* **What to do**:
Reproduce the lines below exactly, from the one containing "Diamond Confetti Zwart" through the one containing "High Selling New", both included. Leave out any pictures.

[Provided records — start]

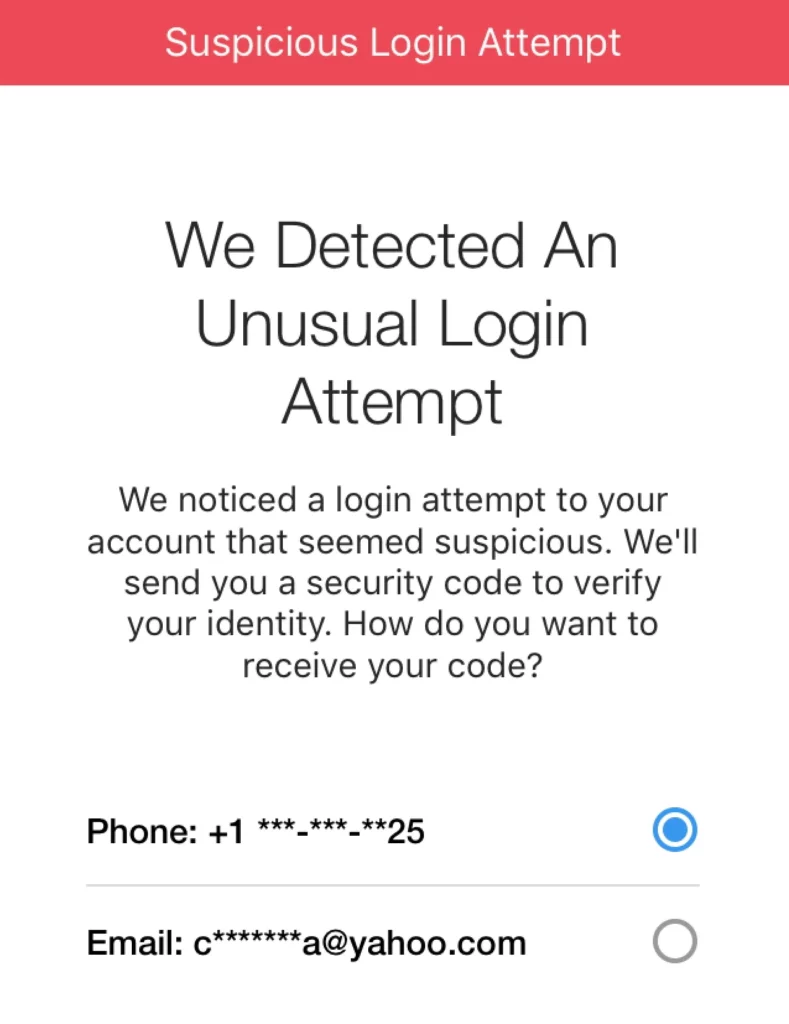 Instagram not sending security code - suspicious login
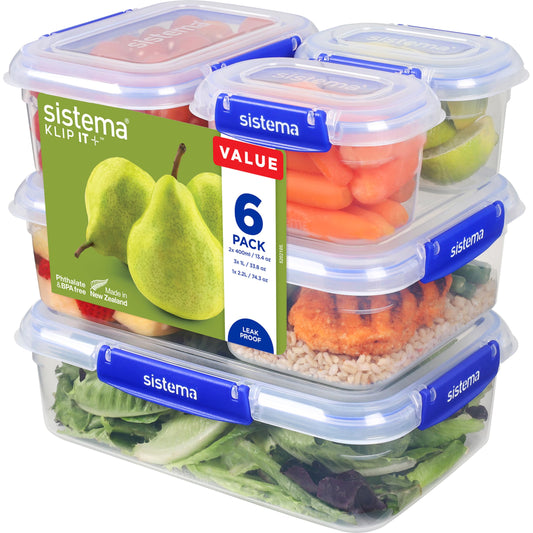 Sistema KLIP IT PLUS Frischhaltedosen Set | 6-teiliges luftdichtes Vorratsdosen Set (2 x 400 ml, 3 x 1 l, 1 x 2,2 l) | auslaufsichere Versiegelung | einfach zu verschließende Clips | BPA-frei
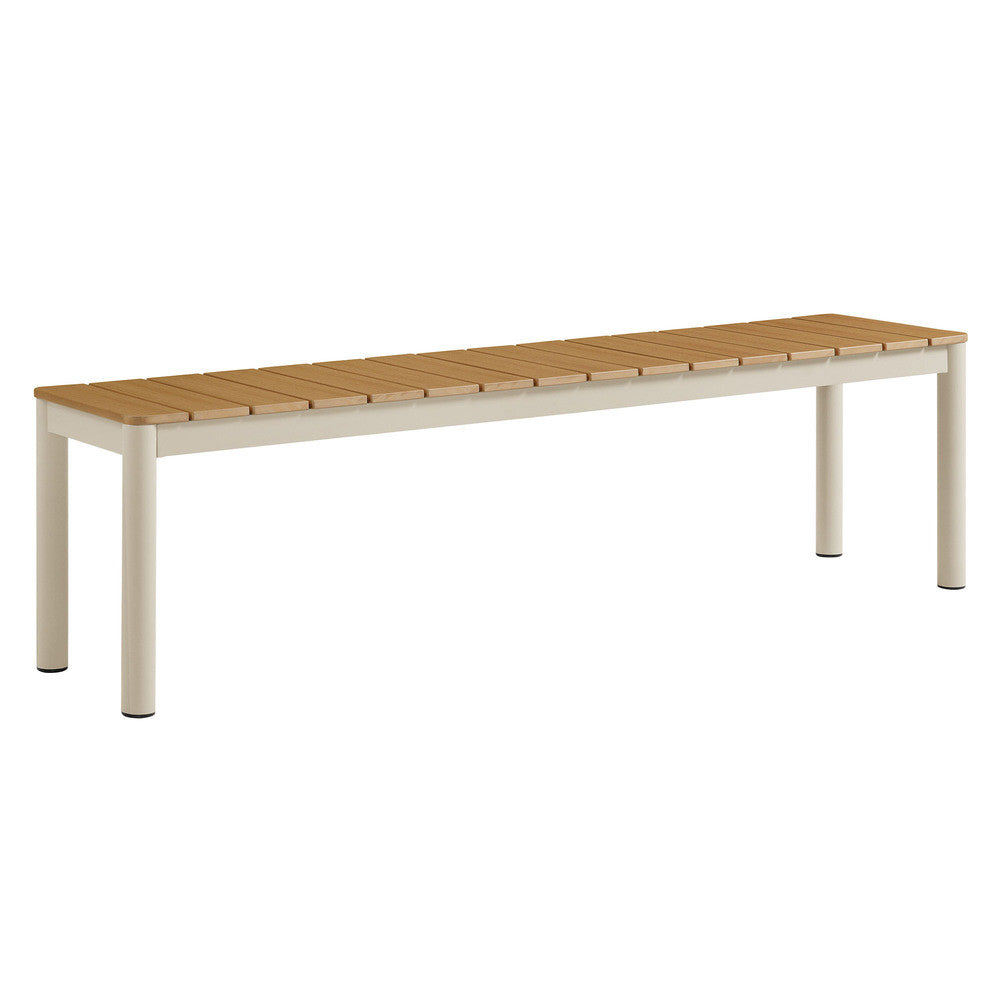 Modway Finn Outdoor Patio Aluminum Bench with Faux Wood Top by Modway-EEI-7238-NAT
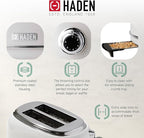 Haden Heritage 2 Slice Wide Slot Stainless Steel Toaster with Adjustable Browning Control & Non-Slip Feet, Ivory & Chrome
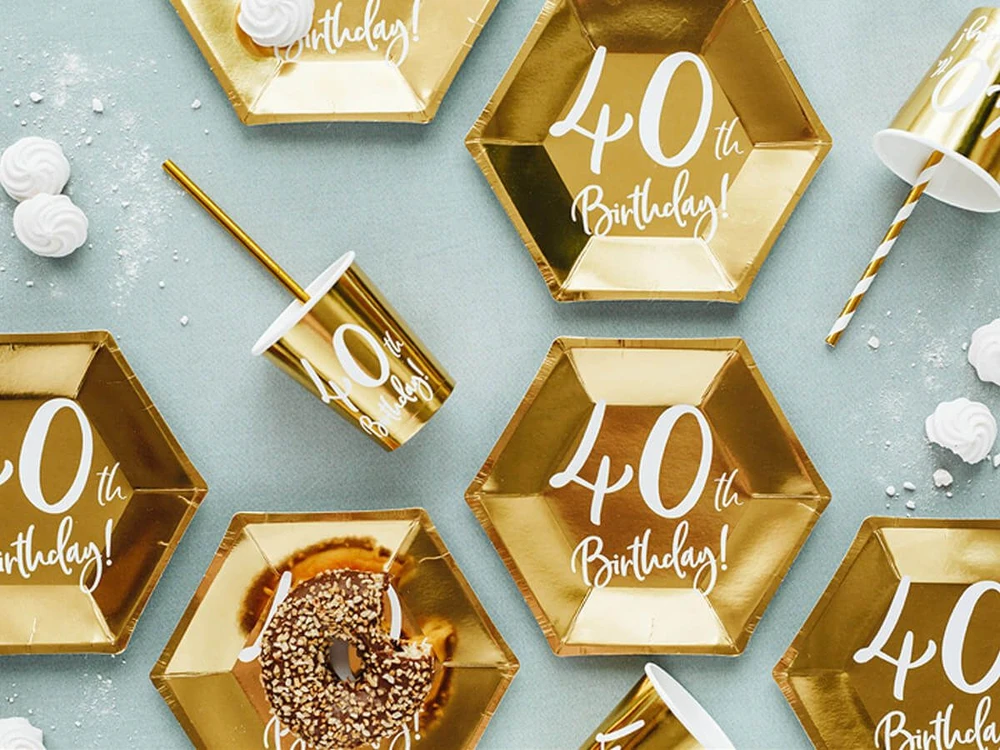 Party Deco Popierinės lėkštutės auksinės "40 gimtadienis" 6vnt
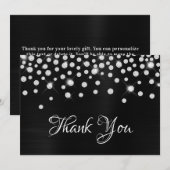 Diamond Confetti Zwart Satijn Gradiënt Folie Bedankkaart (Voorkant / Achterkant)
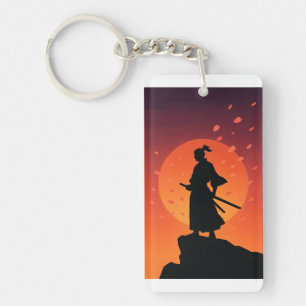 Samurai-Sonnenuntergangs-Silhouette Schlüsselanhän Schlüsselanhänger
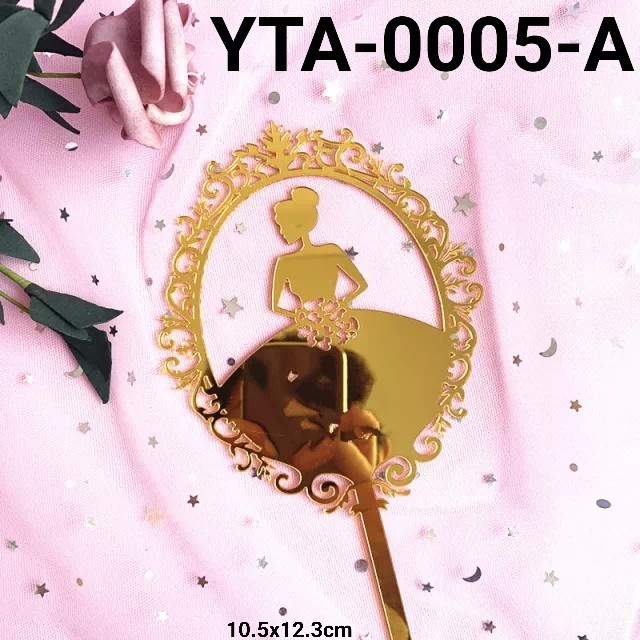 

GR-YTA-0005 CAKE TOPPER AKRILIK PENGANTIN PUTRI PINK GOLD HITAM EKSKLUSIF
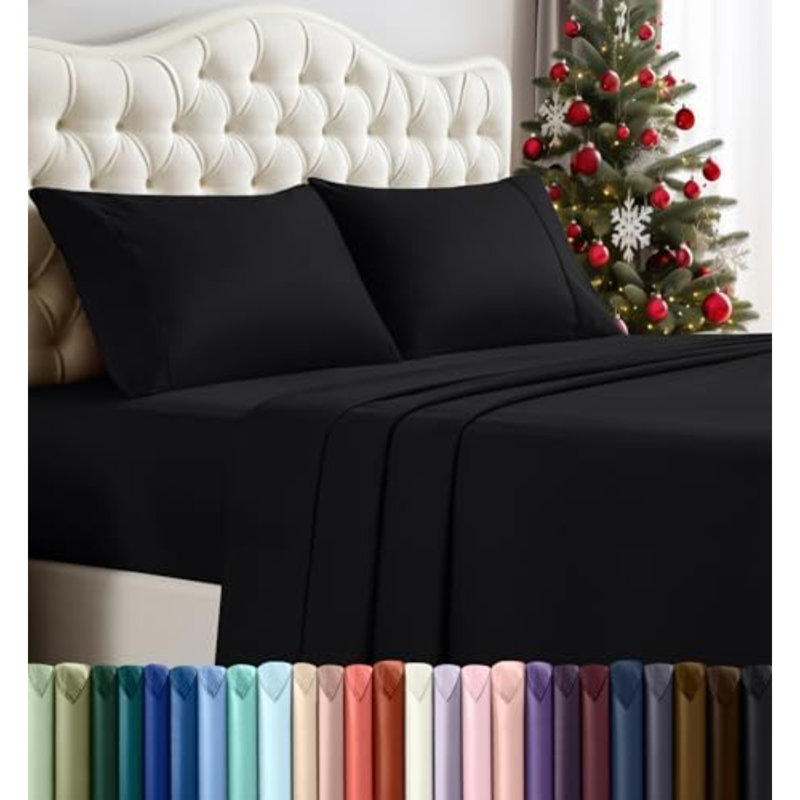 Full Sheet Set – 4 Piece Bed Sheets For Full Size Bed, Soft And Breathable Microfiber, Includes 1 Fitted Sheet, 1 Flat Sheet And 2 Pillowcases (Black)
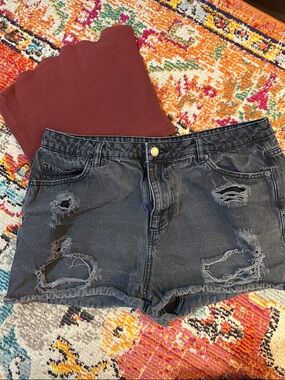 Distressed Black Denim Shorts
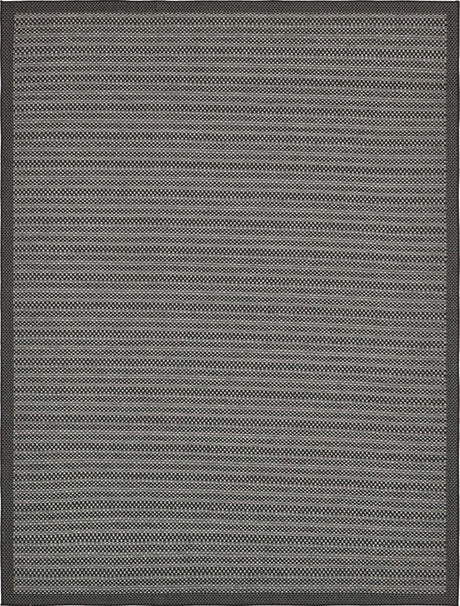 Gray 9' x 12' Outdoor Border Rectangle Area Rug Weather Resistant for Patio, Deck, Terrace, Balcony, Porch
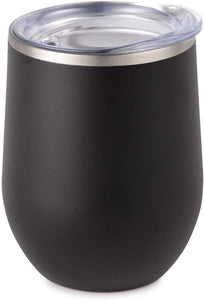 12 oz Stainless Steel Wine Tumbler with Straw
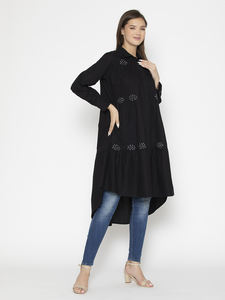 High Selling New Fashionable Designer Customized Black <b>Women</b> Casual <b>Spring</b> Floral Print Solid Collar <b>Women's</b> <b>Dress</b> in Wholesale - Product Image 3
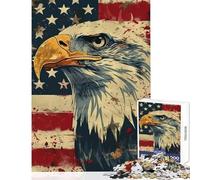 Jigsaw Puzzles for Adults1000 Piece American Eagle with Flag Background Educational Toy Gift Birthday Relaxing Games with Matching Poster And Trivia Sheet size 50x75cm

[Provided records — finish]

* **Answer below**:
 Diamond Confetti Zwart Satijn Gradiënt Folie Bedankkaart (Voorkant / Achterkant)
 Samurai-Sonnenuntergangs-Silhouette Schlüsselanhän Schlüsselanhänger

GR-YTA-0005 CAKE TOPPER AKRILIK PENGANTIN PUTRI PINK GOLD HITAM EKSKLUSIF
 Full Sheet Set – 4 Piece Bed Sheets For Full Size Bed, Soft And Breathable Microfiber, Includes 1 Fitted Sheet, 1 Flat Sheet And 2 Pillowcases (Black)
 Distressed Black Denim Shorts
 Gray 9' x 12' Outdoor Border Rectangle Area Rug Weather Resistant for Patio, Deck, Terrace, Balcony, Porch
 12 oz Stainless Steel Wine Tumbler with Straw
 High Selling New Fashionable Designer Customized Black <b>Women</b> Casual <b>Spring</b> Floral Print Solid Collar <b>Women's</b> <b>Dress</b> in Wholesale - Product Image 3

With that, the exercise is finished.